Conference: NeurIPS 2025 arXiv: 2510.22694 Code: Not available Area: Information Retrieval Keywords: Multimodal RAG, Adaptive Retrieval, Modality Selection, Noise-Robust Training, Retrieval-Augmented Generation

TL;DR

This paper proposes a dual-component framework (Windsock + DANCE) to address three core challenges in multimodal RAG: the Windsock module adaptively determines when to retrieve and which modality to retrieve (text/image/none) based on the query; the DANCE instruction fine-tuning strategy improves how to utilize retrieved information by dynamically selecting the model's weakest modality for noise-robust training. The overall framework achieves a 17.07% performance improvement while reducing retrieval calls by 8.95%.

Background & Motivation

Multimodal Retrieval-Augmented Generation (MRAG) enhances the factuality and timeliness of MLLMs by incorporating external knowledge. However, existing methods suffer from three critical limitations:

The When Problem — Indiscriminate Retrieval: Existing methods apply retrieval to all queries uniformly (retrieve-for-all strategy), even when the model's parametric knowledge suffices. This introduces unnecessary computational overhead, and noisy documents returned by unreliable retrievers can degrade answer quality.

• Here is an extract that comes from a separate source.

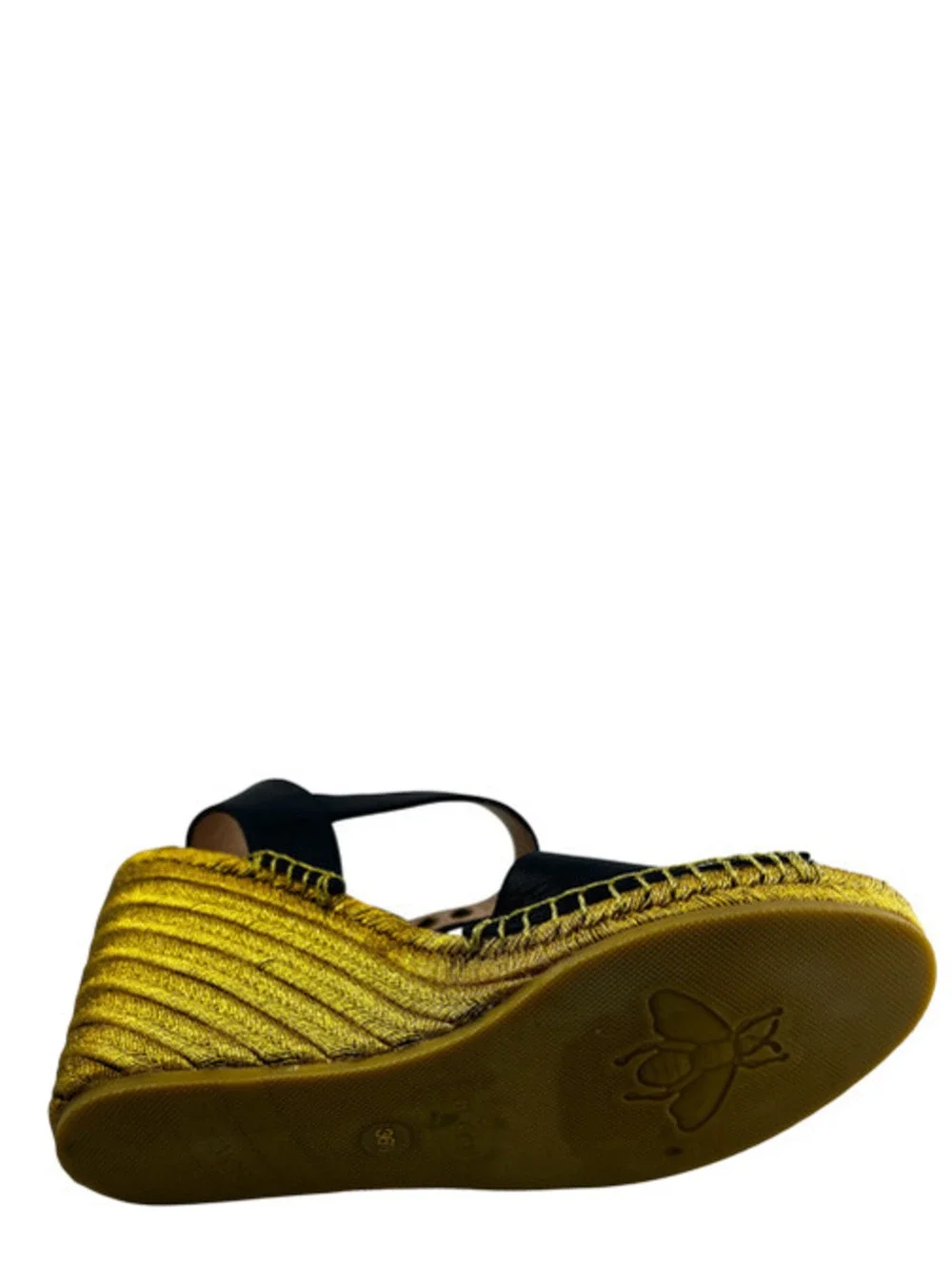 Gucci GG Gold Espadrille Wedges 36.5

The What Problem — Rigid Modality Selection: Existing methods either fix retrieval to images or to text (e.g., Wikipedia), without accounting for the varying informational needs of different queries. In practice, historical event queries benefit more from textual retrieval, whereas questions about painting styles are better served by image retrieval—different queries inherently require different modalities.

The How Problem — Underutilization of Retrieved Information: MLLMs are sensitive to irretrievable documents; both statistical (BM25) and vector-based (CLIP) retrievers may return irrelevant content, causing factual errors and hallucinations. Models must learn to extract useful information while discarding noise.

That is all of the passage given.